Quando il calcio sorprende
Il colpo… della Strega
Nello sport crederci significa provarci
Pubblicato il 22.03.2021 13:55
di Angelo Lungo
In genere l’imprevisto stupisce, contraddice il timore e rende concreta la speranza. Il calcio non sfugge a tali dinamiche, è fatto da uomini che prendono decisioni, scelgono tattiche e vivono di emozioni cangianti.
16 luglio 1950 al Brasile, padrone di casa del Mondiale, bastava solo un punto contro l’Uruguay per diventare campione. La Seleção sembrava imbattibile. La partita: brasiliani in vantaggio, ma non fecero i conti con la garra charrúa e la Celeste ribaltò clamorosamente il risultato con Schiaffino e Ghiggia. Risultato: psicodramma collettivo. Il Maracanazo era servito, una storia scritta. Chiosa: il portiere degli uruguaiani Roque Maspoli era originario del Malcantone; il centrocampista Alcides Ghiggia era originario di Sonvico.
Mondiali di calcio del 1966 in terra inglese, l’Italia di Facchetti, Bulgarelli, Rivera e Mazzola incontrava la Corea del Nord. Prima della partita non furono suonati nemmeno gli inni, poiché l’Inghilterra non riconosceva come Stato gli asiatici, la partecipazione di quest’ultimi era stata in forse sino all’inizio del torneo. Risultato: segnò Pak Doo-Ik, all’epoca istruttore dell’esercito e poi insegnante di ginnastica, e una squadra di dilettanti battè i prestigiosi Azzurri.
Maggio 1967, la Grande Inter era reduce dalla sconfitta in finale di Coppa dei Campioni contro il Celtic Glasgow. Il 1° giugno si giocava lo scudetto a Mantova, la Juve era a -1. Risultato: vittoria dei padroni dei casa per 1 a 0, con una papera del mitico portiere Sarti e l’implacabile Juve divenne campione.
20 maggio del 1973, ultima di campionato: Milan primo a un punto Juve e Lazio. I rossoneri di Rocco e Rivera avevano da poco conquistato la Coppa delle Coppe. Milanesi di scena non alla Scala ma all’Arena. Risultato: scaligeri scatenati, travolgenti e vittoriosi per 5 a 3. Scudetto alla cinica Juve. Quando Verona divenne “fatale”.

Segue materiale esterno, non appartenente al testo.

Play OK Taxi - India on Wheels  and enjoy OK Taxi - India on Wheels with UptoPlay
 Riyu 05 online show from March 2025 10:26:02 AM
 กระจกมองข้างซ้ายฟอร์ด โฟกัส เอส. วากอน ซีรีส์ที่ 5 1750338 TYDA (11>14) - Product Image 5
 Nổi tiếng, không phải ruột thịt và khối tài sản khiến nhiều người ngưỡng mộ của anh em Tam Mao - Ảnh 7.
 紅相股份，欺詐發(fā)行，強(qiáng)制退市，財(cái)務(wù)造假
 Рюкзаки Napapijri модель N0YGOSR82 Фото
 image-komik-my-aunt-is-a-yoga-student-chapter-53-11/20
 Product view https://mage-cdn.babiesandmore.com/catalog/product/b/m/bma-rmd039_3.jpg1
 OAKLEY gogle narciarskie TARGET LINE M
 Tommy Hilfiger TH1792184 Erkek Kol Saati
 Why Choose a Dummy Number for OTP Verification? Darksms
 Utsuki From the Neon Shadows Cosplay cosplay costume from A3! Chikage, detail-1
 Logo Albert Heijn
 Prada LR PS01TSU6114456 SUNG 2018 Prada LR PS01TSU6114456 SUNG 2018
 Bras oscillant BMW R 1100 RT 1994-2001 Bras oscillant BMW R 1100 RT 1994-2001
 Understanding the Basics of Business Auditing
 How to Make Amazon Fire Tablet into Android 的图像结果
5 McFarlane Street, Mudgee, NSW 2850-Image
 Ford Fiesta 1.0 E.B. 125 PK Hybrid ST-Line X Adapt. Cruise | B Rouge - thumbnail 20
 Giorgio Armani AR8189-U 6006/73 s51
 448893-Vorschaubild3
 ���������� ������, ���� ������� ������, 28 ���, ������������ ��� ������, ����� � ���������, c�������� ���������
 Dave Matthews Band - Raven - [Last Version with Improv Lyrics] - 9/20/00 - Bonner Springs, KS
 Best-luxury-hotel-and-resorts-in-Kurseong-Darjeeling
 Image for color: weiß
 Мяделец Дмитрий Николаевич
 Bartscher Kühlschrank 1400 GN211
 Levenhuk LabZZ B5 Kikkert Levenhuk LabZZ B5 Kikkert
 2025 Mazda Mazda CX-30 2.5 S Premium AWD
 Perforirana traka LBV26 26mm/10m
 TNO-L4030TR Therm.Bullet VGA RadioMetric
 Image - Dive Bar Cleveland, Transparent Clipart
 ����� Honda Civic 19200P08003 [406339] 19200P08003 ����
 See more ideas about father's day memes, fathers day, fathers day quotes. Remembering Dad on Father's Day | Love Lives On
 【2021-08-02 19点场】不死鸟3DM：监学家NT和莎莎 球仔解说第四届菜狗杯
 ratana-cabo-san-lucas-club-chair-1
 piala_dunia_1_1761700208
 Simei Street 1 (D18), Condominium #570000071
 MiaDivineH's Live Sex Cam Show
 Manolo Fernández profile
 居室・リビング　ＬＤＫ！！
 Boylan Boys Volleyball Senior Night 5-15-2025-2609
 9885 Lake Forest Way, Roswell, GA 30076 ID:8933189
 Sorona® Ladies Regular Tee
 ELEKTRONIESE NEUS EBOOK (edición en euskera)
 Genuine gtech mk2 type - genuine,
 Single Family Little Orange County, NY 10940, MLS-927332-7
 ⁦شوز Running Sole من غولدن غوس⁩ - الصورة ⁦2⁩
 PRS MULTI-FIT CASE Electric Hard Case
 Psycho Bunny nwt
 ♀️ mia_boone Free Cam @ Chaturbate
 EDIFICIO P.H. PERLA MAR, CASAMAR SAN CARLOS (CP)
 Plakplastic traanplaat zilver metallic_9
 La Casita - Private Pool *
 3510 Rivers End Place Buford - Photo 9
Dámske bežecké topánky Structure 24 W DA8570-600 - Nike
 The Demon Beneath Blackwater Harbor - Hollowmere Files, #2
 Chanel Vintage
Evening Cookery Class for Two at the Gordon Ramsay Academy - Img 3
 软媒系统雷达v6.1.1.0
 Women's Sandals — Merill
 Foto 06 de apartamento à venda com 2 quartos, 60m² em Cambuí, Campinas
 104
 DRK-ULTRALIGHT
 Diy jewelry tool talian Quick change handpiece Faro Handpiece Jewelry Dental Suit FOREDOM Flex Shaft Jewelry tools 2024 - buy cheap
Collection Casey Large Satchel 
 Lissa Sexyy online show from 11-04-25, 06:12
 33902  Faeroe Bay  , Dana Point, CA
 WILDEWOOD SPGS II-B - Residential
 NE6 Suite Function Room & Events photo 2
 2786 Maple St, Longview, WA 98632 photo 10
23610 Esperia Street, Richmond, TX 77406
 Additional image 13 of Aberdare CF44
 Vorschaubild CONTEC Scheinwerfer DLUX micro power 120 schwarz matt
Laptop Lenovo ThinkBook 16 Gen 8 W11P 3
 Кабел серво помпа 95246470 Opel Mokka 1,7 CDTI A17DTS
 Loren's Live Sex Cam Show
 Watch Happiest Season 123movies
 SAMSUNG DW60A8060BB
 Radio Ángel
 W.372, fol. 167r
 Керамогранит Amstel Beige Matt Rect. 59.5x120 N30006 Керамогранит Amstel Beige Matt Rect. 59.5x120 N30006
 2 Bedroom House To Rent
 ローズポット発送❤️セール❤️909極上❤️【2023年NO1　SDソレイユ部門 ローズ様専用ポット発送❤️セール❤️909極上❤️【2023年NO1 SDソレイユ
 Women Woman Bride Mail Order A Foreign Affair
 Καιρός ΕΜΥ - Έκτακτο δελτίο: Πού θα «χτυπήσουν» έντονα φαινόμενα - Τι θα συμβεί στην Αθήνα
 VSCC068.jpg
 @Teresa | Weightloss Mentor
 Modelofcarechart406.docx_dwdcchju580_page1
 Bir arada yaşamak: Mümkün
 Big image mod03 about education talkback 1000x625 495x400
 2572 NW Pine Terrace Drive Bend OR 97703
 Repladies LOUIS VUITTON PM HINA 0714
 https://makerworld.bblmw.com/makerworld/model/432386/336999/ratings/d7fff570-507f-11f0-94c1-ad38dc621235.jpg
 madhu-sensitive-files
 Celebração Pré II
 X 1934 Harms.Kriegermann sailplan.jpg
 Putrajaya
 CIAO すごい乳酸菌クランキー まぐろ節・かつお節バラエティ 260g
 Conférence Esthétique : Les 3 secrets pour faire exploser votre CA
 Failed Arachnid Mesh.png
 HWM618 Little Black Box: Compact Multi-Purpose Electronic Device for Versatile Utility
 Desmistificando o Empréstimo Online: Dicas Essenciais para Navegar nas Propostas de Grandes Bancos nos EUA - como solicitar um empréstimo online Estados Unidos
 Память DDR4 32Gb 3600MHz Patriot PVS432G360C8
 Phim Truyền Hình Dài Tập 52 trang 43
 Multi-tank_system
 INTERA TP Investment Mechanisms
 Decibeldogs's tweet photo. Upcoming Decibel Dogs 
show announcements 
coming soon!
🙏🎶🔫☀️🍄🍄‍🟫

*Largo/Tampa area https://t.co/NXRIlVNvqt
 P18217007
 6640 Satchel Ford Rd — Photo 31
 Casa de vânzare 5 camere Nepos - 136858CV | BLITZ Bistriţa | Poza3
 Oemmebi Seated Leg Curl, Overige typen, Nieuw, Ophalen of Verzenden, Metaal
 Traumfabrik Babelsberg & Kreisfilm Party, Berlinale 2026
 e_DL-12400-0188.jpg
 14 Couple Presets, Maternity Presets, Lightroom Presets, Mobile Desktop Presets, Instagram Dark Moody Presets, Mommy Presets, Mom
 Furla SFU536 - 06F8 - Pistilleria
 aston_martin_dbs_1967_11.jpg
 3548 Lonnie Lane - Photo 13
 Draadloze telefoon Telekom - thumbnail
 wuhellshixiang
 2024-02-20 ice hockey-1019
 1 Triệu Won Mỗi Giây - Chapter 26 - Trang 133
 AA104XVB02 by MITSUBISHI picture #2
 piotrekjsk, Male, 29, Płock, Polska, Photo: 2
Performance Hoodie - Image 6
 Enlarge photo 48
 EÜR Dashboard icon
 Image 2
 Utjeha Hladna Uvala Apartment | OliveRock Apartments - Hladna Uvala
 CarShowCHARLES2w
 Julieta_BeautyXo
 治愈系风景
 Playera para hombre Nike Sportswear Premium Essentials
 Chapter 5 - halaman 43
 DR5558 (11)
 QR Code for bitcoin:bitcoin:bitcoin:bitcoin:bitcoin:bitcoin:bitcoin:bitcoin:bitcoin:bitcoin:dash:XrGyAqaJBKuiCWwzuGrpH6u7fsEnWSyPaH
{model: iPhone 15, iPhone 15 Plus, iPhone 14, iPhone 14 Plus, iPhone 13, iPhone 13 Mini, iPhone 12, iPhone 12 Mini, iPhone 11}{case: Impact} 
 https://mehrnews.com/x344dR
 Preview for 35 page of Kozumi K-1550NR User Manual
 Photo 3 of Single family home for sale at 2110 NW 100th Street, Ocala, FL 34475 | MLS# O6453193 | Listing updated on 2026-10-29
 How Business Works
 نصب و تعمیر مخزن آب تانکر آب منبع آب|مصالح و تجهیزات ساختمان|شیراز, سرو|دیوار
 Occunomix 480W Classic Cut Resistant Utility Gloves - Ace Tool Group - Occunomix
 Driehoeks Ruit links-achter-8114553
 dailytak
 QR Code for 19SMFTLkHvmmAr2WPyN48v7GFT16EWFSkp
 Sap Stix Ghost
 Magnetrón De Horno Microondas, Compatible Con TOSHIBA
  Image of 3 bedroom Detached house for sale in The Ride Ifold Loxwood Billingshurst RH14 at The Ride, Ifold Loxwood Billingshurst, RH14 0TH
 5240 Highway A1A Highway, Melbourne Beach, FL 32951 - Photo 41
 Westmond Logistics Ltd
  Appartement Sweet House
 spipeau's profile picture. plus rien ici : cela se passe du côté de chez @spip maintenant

20 aprile 1986, penultima di campionato, Roma e Juve veleggiavano appaiate in testa, dopo una clamorosa rimonta dei capitolini.  I giallorossi di Eriksen proponevano un gioco spettacolare e sbarazzino. Un clamoroso spareggio sembrava profilarsi. All’Olimpico arrivava il retrocesso Lecce. Risultato: i giallorossi salentini, guidati da due argentini Barbas e Pasculli, si imponevano per 2 a 3. Nell’ultima giornata scudetto, manco a dirlo, alla Juve.
E Juve-Benevento 0-1? Di certo la sconfitta dei bianconeri non è così eclatante, tuttavia è simbolica della loro stagione. I neopromossi sanniti, le cui terre sono leggendarie e misteriose, non vincevano da 11 giornate. Due sono le questioni da dirimere. L’allenatore: Pirlo è parso subitaneamente una scommessa, nessuna esperienza, non ha potuto nemmeno sperimentarsi durante il precampionato. Le sue idee tattiche non si sono concretizzate, il modulo di gioco è cambiato continuamente e mai una formazione tipo.
Ronaldo: l’incidenza dell’operazione finanziaria è decisiva sui conti della società e incide sulle strategie future. Il giocatore non si discute, ma appare accentratore della manovra. La sua caratura è ingombrante: è quel tipo di calciatore che sovrasta l’immagine del club. E questo non è da Juve.
Scrive Osvaldo Soriano: “ Il calcio ha le sue ragioni misteriose che la ragione non conosce”.